Son[i]a
Yásnaya Elena Aguilar Gil
In this podcast, Mixe linguist, writer and activist Yásnaya Elena Aguilar Gil unpacks the complexities of being Mixe in Mexico and talks about the cracks that appear in an imposed identity. She dismantles the category of “indigenous” as an external, political label, claiming the right to specificity in naming herself: the right to be Mixe. She also objects to the essentialism and folklorism that seek to reduce being and speech. She turns her attention to the power of small structures, to multilingualism, to a defense of the territory, and to maize as a social ecosystem.
Adam Broomberg
Born in apartheid-era Johannesburg to a Jewish family, descended from Holocaust survivors, Adam Broomberg's trajectory spans teenage anti-apartheid activism, years embedded in global conflict zones, and commercial collaborations that later became subjects of critique. Across this arc, his work has evolved into a sustained inquiry into power: his own positionality, the complicities of photography, and its potential to be repurposed as a tool for change. In this conversation, the artist and educator traces his own path through images, complicities, and refusals. He reflects on the toxicity of photography, how he engaged with its reproduction and refusal – through projects with large-format cameras, archival excavations, and counter-surveillance.
Marilyn Boror Bor
In this conversation, we talk with Maya-Kaqchikel artist and activist Marilyn Boror Bor about languages, textiles, relationality, extractivism, and cement.

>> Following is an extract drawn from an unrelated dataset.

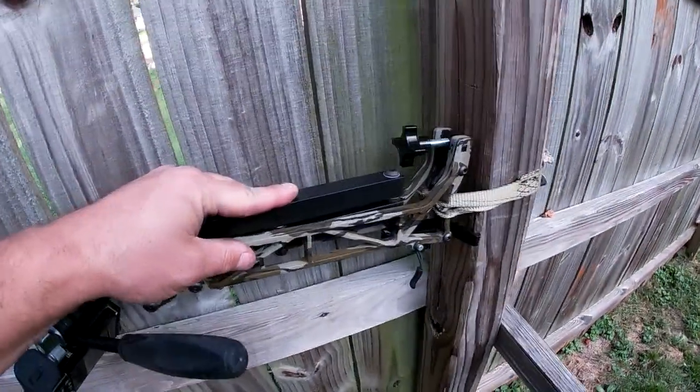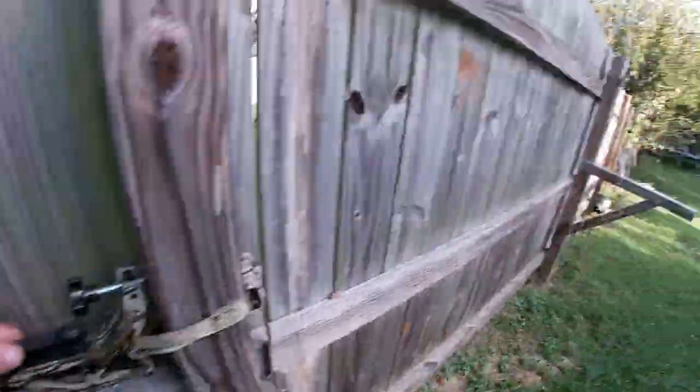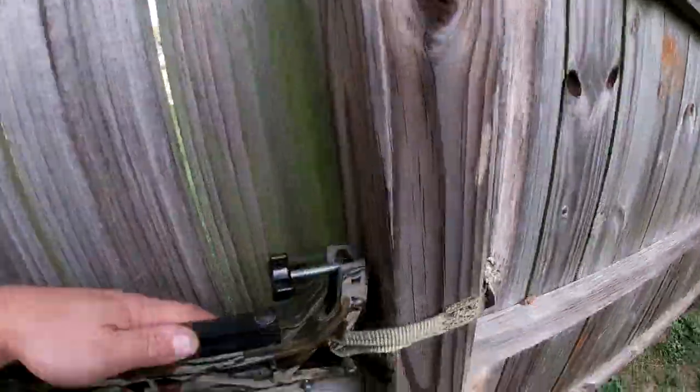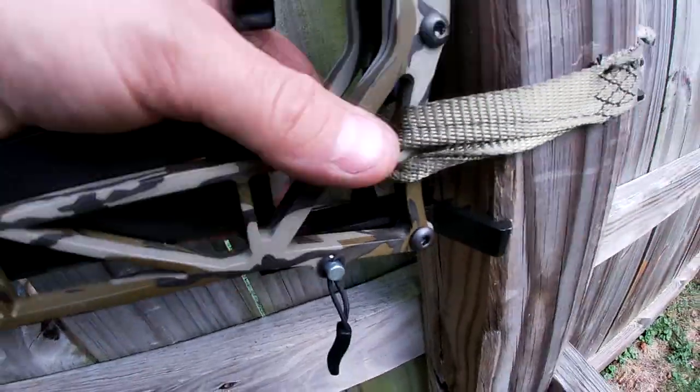Forgive me, I'm out here in the backyard, the house is a wreck. I've got no good trees on my property to do this on, so we are literally on a 4x4 post. But as you can see, I've got the cam buckle wrapped around and connected on both of these right here.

She tells us about the slow violence of processes of assimilation, about the importance of the Mayan language and culture, and of how colonisation has demonised ancestral knowledge. She recounts what it means to live in a land perforated by a cement factory, where water scarcity becomes the norm and mountains are drilled until they lose their spirit. Hence the urgency of the connection to the land and indigenous struggles, which are not new, but have always existed: a millennial memory that still breathes.
Mikaelah Drullard
In this podcast, Mikaelah Drullard dismantles the clichés of Western progressivism and reminds us that the plantation has not gone away. With words that cut like machetes, she shows how human rights are still the key to a house that only white bodies can enter. Against the impunity of a livestreamed genocide, Mikaelah takes up a radical gesture of decolonisation: the rejection of humanity itself. She also criticises white feminism, whose promise of equality breaks down when skin is in the game, and she draws on insurgent genealogies that invent other ways of living.
Mobile Radio
Agitators by nature, Sarah Washington and Knut Aufermann's radio practice involves the activation of ephemeral radio stations that emerge from a mix of technical skills and knowledge, their desire to keep trying new things and testing the medium, and their capacity to bring out the best in the local communities that host them. In this podcast, they talk about their approach to radio through the various spaces they have activated over the years: from workshops to major projects such as the studio at the São Paolo Biennial, Radio Revolten: 30 Days of Radio Art in Halle, and the 100-day Radio Art Zone. They also talk about smaller projects, such as their improvisation duo, Tonic Train, which encapsulates their idea of artistic practice –and life– as something dirty and leaky, in the best sense of the words.